Slide 8: Simulations are relatively close to the observations at Niamey and Djougou: values and evolution Some differences between the simulations, for Gao ECMWF simulation departs significantly from the other ones. Slide 9: Simulations are close to the observations at Niamey and Djougou: values and evolution Differences between the simulations could be related to different cloud covers in areas where it did not rain. Slide 10: Simulations are relatively close to the observations at Niamey and Djougou: evolution but values are different also because the ground of the model Is higher than the station level ( a few mb I.e. a few tens of meter) Some differences between the simulations. These time evolution diagnosis do not allow to clearly discriminate the simulations. Slide 12 : To evaluate the scenario of the two days, we represent the hourly evolution of the vertical velocity greater than 0.25m/s at 500 meters above ground level. Light Blue colour= hourly locations during the morning (1-11UTC) of the first day of the simulation Dark blue for the afternoon (13-24UTC) of the first day grey colour= morning (1-11UTC) of the second day, Black and grey= afternoon (13-24UTC) of the second day. Green colour= during the third day ( only Ano27 gets this colour). Midday = red colour. A zoom of the simulation domain ( hashed zone=orography at 600m) Arpege simulation starting on 27 August (bottom-right): the system propagates from Centre Afrique to Nigeria but slows down during the 29 August day (green colour) Arpege simulation starting on 28 August (top-right): The second system over the northern part of Joss plateau is not represented Arpege-Tropiques simulation starting on 28 August (top-left) : well represents two systems moving to Benin ECMWF simulation starting on 28 August (bottom-left) : the scenario is not good. A system near Niamey is represented and nothing over Nigeria.

Slide13: To evaluate the scenario of the two days, we represent the hourly evolution of the vertical integration of all the cold hydrometeors ( ice + snow + graupel) greater than 1.5 mm. A zoom of the simulation domain ( hashed zone=orography at 600m) The diagnosis with the brightness temperature lower than 200K give a similar result. Compare this diagnosis with the previous one at the lower levels: two more systems are represented near Tchad Lake and over Soudan country whose signature does not appear on the 500m vertical velocity field.
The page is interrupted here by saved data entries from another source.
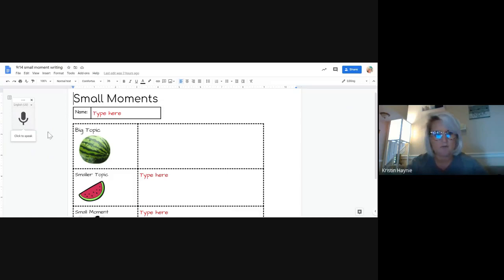Once you allow it, you will see this lovely microphone come up in the corner. When you click on the microphone, it'll start to record. It'll turn red and start to record. So I'm going to show you.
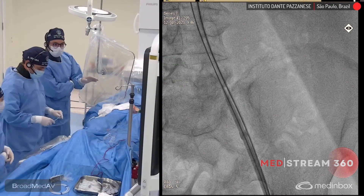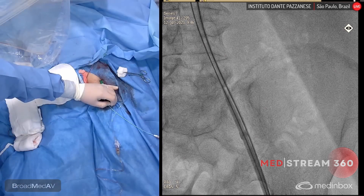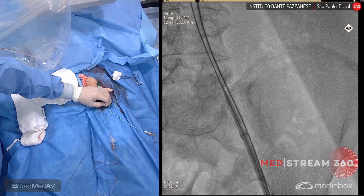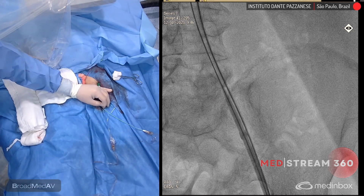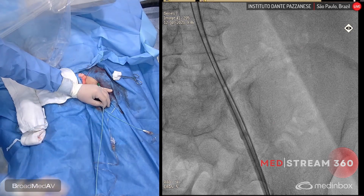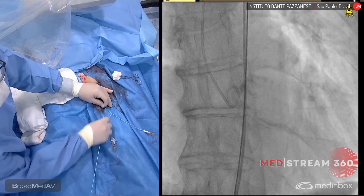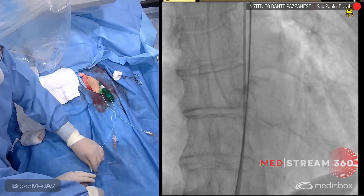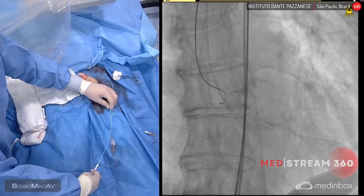Radial is our default secondary access during TAVI procedures, because there is evidence that radial access reduces vascular complications during TAVI. But in this case, it would be a bit difficult and cumbersome to treat any potential complication that may occur using the left femoral artery from the radial approach. Most operators prefer to use the contralateral femoral artery for secondary access, but in this case, we thought it would be difficult to cross over to the left from the right femoral artery due to the tortuosity. We are now ready to cross the valve. We'll use a JR left 1 diagnostic catheter and a regular straight wire.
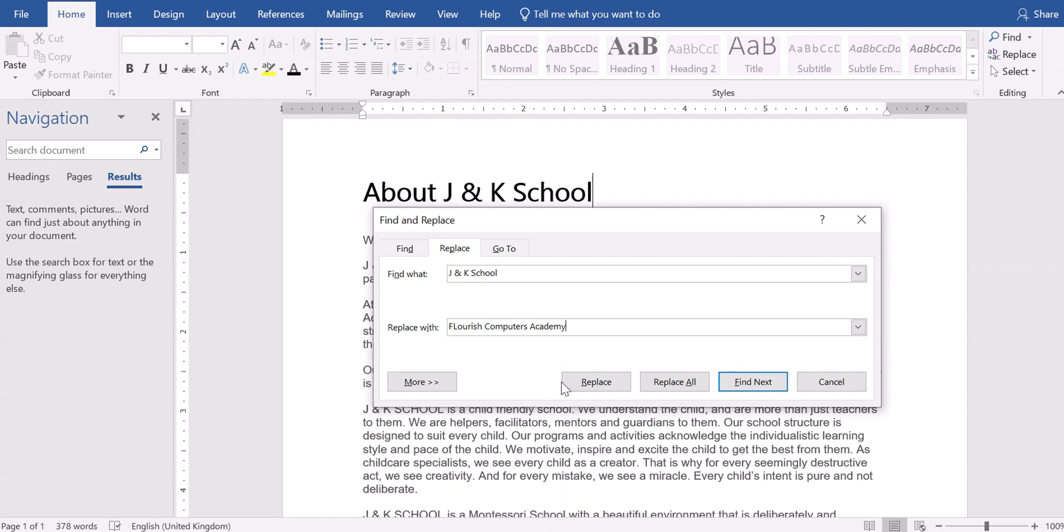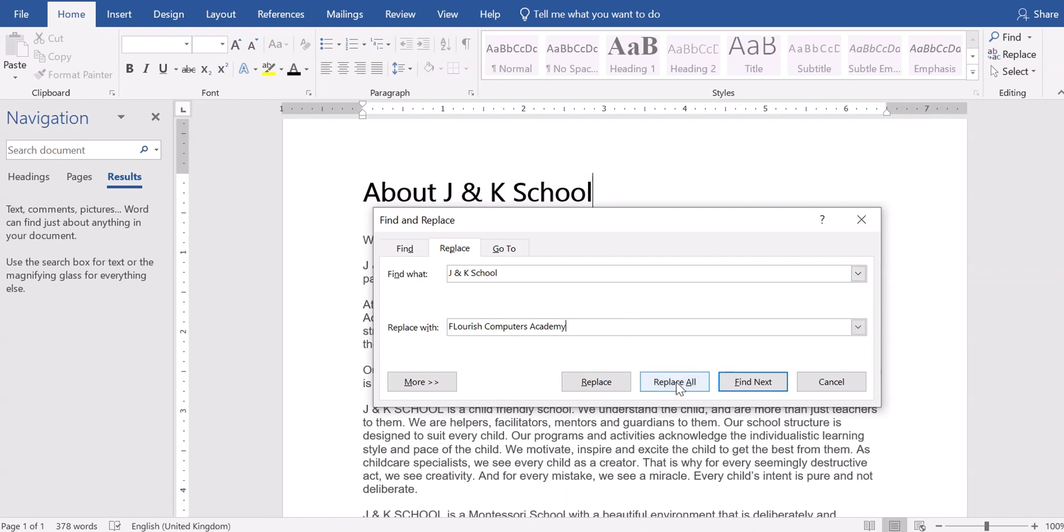You can go ahead and you can do replace one by one or replace all. This is going to take time because it's going to find line by line in your Word document and then replace. But if you have several pages of document where you need to look for the word and replace with another word, this is going to take you longer time to do. So what I will use here is replace all. It's going to find all J and K school in the document and replace them with Flourish Computers Academy. Let's see how it works.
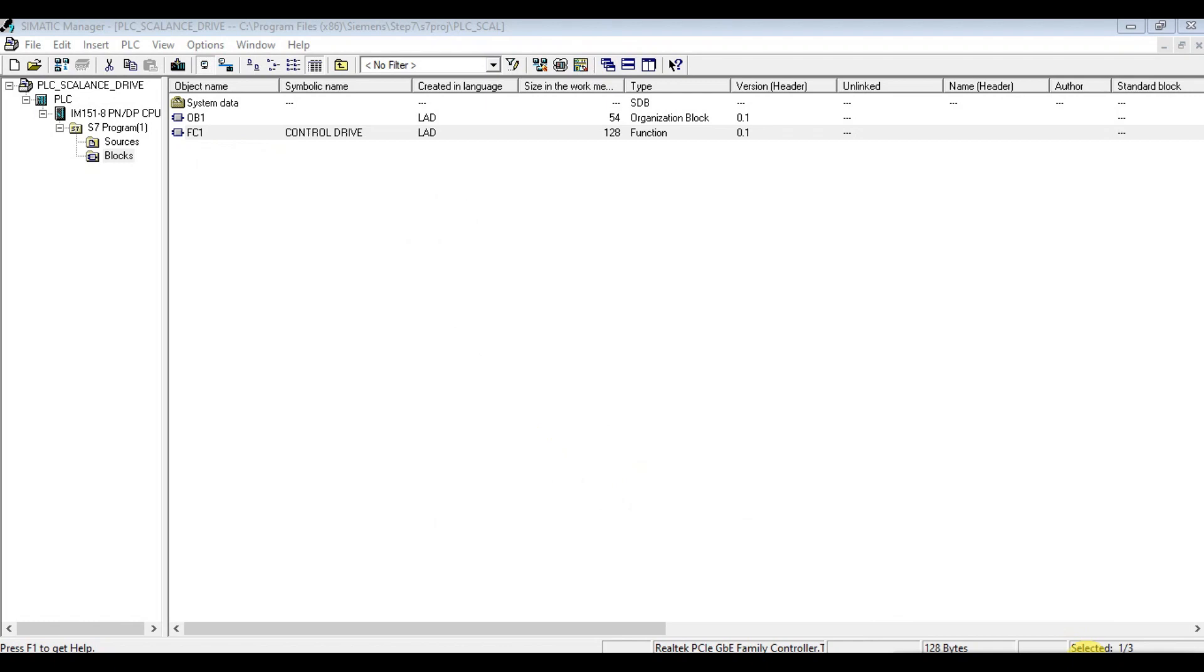Hello again, I came with another video that is part three, continued from the scalar switch configuration. We will see the actual testing of this configuration.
Apege and Arpege Tropiques simulations seem to represent a good scenario but the systems are too late and do not cross over Benin at 06UTC 29 August. Slide 14: A weak difference between TEJ ECMWF analysis and from Arpege ones. Slide 15: The AEJ is stronger on the eastern part of the domain for Arpege Analyses compared to ECMWF analyse. Slide 16: A great difference with less humidity in the ECMWF over northern Nigeria, southern Niger and Centre Africa country where the MCS is located at this time. The differences between the Arpege analysis are not significant. The different scenarii between Arpege Tropiques and Arpege simulations seem to be explained more by the differences in the dynamics rather than by the differences in the humidity fields.